The cryptocurrency market witnessed a violent unwind of leveraged positions on Monday, with total futures liquidations surpassing $513 million over 24 hours. The surge in forced closures came after Bitcoin failed to hold key support, triggering a cascade that dashed earlier expectations of a major short squeeze.
Earlier in the day, data from CoinGlass flagged a massive concentration of short positions: over $463 million in BTC shorts were at risk of liquidation if the price climbed above $74,341. Conversely, a drop below $72,108 threatened to wipe out roughly $368 million in long positions. The market ultimately broke lower, with a sharp downturn in a single hour alone causing $113 million in liquidations, predominantly from over-leveraged long positions betting on a rally.
The swift move flooded exchanges like Binance, OKX, and Bybit with forced closures. Bitcoin, the primary driver of the event, saw its price slide through critical support levels, dragging Ethereum and a host of altcoins with it. The broader 24-hour total settlement of $513 million underscores just how heavily traders were positioned for upside, only to be caught off guard by the sudden reversal.

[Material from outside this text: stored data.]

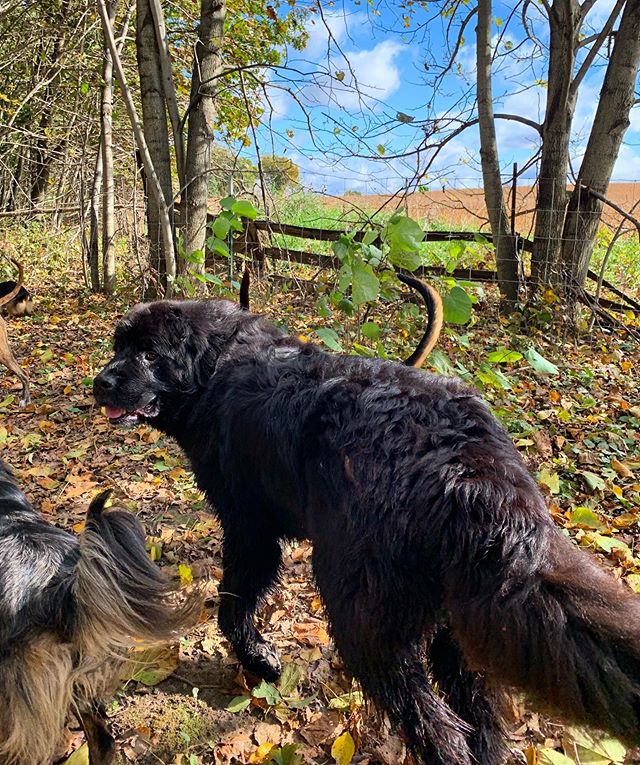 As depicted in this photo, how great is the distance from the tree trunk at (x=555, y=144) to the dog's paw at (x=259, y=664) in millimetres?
5676

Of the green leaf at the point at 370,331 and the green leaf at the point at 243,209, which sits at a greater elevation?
the green leaf at the point at 243,209

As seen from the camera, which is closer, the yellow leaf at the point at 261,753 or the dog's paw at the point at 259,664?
the yellow leaf at the point at 261,753

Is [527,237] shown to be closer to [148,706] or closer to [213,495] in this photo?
[213,495]

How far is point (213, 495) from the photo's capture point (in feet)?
7.84

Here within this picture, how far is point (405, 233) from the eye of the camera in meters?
3.47

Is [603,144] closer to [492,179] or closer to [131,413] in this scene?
[492,179]

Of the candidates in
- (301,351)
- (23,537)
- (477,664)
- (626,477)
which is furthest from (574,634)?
(626,477)

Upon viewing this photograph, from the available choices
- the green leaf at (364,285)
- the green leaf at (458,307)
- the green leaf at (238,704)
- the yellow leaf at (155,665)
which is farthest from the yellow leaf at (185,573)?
the green leaf at (458,307)

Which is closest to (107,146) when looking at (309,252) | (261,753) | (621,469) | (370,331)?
(309,252)

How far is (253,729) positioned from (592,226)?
6.46m

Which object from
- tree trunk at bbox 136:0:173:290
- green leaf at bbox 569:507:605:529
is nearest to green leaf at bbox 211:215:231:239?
tree trunk at bbox 136:0:173:290

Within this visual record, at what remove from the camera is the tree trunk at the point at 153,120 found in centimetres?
616

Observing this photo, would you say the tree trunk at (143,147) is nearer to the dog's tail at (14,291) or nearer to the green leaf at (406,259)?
the dog's tail at (14,291)

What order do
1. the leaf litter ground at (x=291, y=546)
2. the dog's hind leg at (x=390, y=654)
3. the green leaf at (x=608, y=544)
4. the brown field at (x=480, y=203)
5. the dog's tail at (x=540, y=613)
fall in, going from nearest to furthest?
the dog's tail at (x=540, y=613) → the dog's hind leg at (x=390, y=654) → the leaf litter ground at (x=291, y=546) → the green leaf at (x=608, y=544) → the brown field at (x=480, y=203) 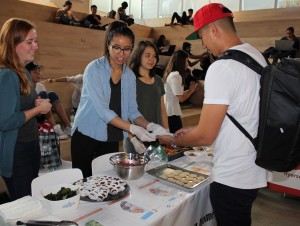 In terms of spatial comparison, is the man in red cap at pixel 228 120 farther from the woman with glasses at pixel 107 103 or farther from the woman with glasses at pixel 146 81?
the woman with glasses at pixel 146 81

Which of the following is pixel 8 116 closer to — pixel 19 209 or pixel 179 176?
pixel 19 209

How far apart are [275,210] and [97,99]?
1.96 metres

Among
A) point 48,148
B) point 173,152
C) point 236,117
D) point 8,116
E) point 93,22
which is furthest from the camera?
point 93,22

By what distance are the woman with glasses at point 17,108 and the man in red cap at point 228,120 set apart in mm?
872

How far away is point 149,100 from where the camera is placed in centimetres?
225

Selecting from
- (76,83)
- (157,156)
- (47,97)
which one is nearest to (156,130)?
(157,156)

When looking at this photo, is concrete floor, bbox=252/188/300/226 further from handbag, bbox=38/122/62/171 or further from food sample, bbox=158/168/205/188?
handbag, bbox=38/122/62/171

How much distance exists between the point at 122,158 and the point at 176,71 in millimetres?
1830

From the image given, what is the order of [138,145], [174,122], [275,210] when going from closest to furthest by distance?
[138,145]
[275,210]
[174,122]

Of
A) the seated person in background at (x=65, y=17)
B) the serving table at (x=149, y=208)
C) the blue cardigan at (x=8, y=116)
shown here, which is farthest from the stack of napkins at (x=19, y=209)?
the seated person in background at (x=65, y=17)

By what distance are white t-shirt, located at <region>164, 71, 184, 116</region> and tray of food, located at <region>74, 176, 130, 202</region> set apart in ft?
6.43

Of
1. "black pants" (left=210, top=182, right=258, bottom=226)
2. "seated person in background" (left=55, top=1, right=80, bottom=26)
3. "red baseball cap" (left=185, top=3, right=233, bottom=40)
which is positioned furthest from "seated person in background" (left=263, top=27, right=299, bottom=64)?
"black pants" (left=210, top=182, right=258, bottom=226)

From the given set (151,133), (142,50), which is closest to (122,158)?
(151,133)

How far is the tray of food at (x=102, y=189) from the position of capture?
1.15m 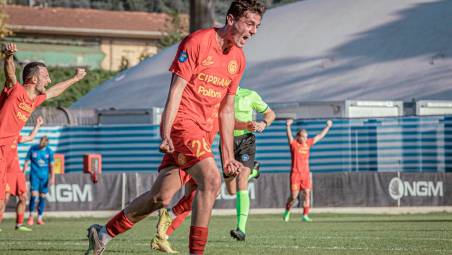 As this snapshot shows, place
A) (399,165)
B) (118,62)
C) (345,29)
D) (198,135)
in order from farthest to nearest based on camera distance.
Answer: (118,62) < (345,29) < (399,165) < (198,135)

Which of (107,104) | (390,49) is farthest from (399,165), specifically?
(107,104)

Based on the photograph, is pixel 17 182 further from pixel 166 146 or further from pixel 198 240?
pixel 166 146

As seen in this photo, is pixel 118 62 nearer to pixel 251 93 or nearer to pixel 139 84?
pixel 139 84

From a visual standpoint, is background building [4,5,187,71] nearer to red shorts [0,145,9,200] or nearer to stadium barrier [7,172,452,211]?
stadium barrier [7,172,452,211]

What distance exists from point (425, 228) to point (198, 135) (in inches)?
365

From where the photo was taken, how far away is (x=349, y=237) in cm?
1642

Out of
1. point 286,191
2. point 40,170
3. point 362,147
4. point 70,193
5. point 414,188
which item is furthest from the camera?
point 362,147

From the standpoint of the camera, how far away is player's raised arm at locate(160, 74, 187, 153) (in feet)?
32.0

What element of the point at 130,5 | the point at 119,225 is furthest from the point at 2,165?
the point at 130,5

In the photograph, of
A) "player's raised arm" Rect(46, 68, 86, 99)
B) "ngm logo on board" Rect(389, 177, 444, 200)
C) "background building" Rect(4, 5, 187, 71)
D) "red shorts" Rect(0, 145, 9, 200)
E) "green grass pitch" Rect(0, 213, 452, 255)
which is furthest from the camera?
"background building" Rect(4, 5, 187, 71)

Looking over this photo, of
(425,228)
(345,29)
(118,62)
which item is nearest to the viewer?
(425,228)

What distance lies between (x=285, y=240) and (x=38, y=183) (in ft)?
34.1

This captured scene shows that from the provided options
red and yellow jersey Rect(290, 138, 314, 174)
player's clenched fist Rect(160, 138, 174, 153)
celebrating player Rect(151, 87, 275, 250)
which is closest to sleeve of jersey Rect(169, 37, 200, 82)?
player's clenched fist Rect(160, 138, 174, 153)

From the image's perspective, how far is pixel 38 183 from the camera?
988 inches
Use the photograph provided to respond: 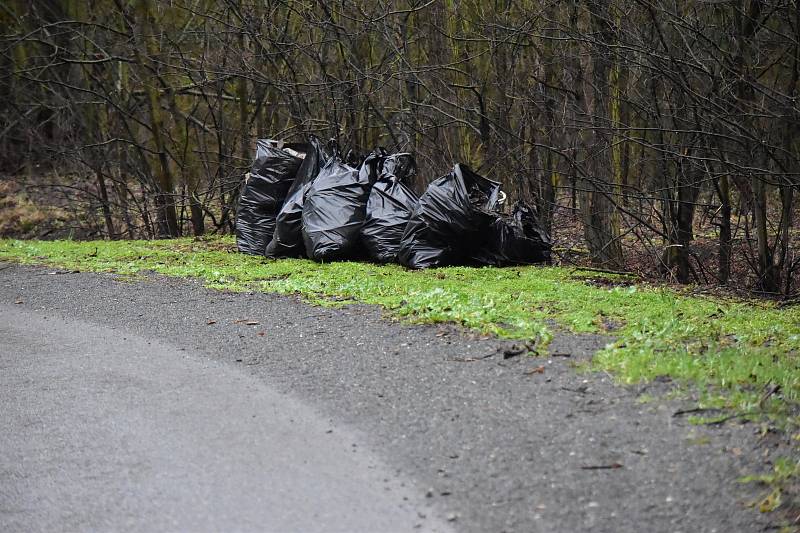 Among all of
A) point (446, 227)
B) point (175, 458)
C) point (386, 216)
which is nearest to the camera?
point (175, 458)

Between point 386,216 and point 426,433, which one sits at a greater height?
point 386,216

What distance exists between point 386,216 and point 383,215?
2.0 inches

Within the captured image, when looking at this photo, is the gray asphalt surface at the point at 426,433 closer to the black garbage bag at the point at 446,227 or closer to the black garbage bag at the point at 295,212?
the black garbage bag at the point at 446,227

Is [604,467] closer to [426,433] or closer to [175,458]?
[426,433]

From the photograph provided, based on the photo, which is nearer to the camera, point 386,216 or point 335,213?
point 386,216

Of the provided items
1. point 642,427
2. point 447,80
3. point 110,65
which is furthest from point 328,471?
point 110,65

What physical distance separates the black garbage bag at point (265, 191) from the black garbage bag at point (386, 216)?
153cm

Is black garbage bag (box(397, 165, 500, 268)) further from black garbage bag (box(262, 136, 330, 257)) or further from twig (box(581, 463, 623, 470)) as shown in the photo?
twig (box(581, 463, 623, 470))

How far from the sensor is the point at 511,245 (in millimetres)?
10062

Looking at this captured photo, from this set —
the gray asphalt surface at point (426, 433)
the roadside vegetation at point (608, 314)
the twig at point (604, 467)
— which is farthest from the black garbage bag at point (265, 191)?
the twig at point (604, 467)

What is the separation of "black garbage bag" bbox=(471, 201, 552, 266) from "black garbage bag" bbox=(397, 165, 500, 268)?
3.4 inches

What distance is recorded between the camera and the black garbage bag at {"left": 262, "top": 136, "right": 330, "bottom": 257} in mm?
10781

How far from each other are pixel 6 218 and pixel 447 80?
13.4 metres

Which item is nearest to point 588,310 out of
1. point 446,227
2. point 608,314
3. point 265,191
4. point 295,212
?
point 608,314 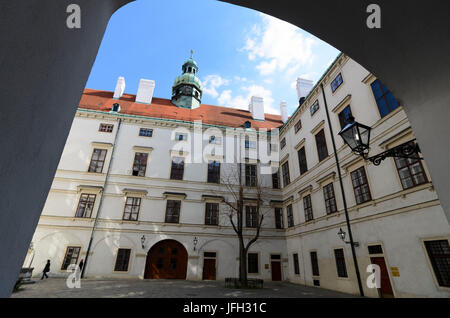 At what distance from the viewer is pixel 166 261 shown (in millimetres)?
19078

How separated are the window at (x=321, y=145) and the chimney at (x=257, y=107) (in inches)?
493

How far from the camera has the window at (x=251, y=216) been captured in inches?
822

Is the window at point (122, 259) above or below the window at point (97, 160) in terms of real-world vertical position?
below

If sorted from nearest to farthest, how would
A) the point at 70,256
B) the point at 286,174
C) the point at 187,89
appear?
the point at 70,256 < the point at 286,174 < the point at 187,89

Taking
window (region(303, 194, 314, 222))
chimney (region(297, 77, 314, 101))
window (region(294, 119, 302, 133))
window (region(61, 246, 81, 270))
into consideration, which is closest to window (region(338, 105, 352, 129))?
window (region(294, 119, 302, 133))

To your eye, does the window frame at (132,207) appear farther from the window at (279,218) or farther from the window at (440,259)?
the window at (440,259)

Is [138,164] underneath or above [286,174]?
above

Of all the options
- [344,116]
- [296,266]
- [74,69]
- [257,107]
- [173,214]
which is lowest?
[296,266]

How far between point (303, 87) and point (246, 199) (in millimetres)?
13551

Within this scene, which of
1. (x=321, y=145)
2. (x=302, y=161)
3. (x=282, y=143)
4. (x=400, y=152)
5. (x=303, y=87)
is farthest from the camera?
(x=303, y=87)

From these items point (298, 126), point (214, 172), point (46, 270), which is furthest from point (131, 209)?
point (298, 126)

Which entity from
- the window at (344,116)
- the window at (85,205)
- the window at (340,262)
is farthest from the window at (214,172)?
the window at (344,116)

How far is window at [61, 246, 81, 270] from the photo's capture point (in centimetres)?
1736

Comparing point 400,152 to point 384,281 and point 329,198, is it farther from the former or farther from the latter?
point 329,198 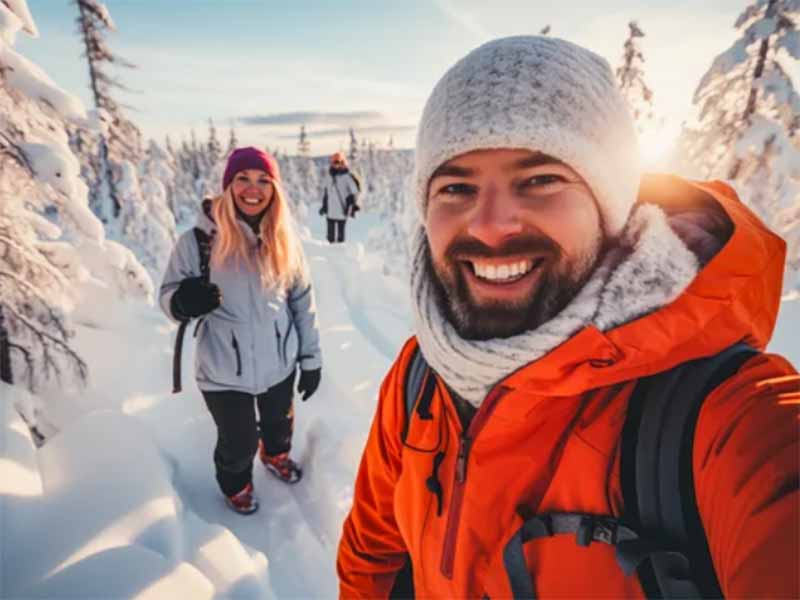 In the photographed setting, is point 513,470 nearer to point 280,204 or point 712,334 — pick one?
point 712,334

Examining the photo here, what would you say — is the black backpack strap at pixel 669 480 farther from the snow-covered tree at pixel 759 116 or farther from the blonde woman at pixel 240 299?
the snow-covered tree at pixel 759 116

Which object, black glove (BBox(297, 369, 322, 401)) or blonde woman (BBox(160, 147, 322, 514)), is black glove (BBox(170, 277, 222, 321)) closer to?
blonde woman (BBox(160, 147, 322, 514))

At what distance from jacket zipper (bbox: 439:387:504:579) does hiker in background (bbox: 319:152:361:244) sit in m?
13.9

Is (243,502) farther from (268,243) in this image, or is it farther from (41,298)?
(41,298)

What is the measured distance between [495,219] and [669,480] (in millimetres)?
923

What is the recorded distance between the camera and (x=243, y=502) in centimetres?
363

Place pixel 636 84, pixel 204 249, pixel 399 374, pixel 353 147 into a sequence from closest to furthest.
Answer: pixel 399 374 → pixel 204 249 → pixel 636 84 → pixel 353 147

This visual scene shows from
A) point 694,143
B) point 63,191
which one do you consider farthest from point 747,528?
point 694,143

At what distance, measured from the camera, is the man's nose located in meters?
1.48

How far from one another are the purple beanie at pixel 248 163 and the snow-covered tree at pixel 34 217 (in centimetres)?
176

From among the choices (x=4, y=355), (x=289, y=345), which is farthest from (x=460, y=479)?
(x=4, y=355)

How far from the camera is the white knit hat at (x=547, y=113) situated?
1.46 metres

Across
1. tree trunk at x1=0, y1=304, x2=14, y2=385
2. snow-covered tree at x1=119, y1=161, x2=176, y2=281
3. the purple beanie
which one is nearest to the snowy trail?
tree trunk at x1=0, y1=304, x2=14, y2=385

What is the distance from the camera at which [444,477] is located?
1.46 meters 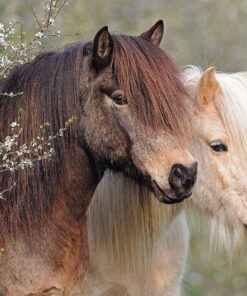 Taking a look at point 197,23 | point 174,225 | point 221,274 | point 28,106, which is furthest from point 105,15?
point 28,106

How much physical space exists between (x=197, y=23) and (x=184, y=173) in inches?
377

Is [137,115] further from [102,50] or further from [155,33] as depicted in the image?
[155,33]

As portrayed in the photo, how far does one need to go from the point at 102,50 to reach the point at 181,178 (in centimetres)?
73

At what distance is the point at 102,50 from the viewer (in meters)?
5.37

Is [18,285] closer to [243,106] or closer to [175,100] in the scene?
[175,100]

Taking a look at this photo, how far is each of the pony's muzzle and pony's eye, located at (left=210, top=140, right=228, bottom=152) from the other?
0.98m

Leverage wipeouts of this magnitude often serve as real-time sentiment indicators. While short squeezes have historically propelled Bitcoin higher, the failure to breach the $74,341 threshold and the subsequent breakdown highlights a market gripped by uncertainty. Analysts warn that the deleveraging could continue if key psychological levels are not reclaimed, advising traders to reduce leverage and tighten stop-losses.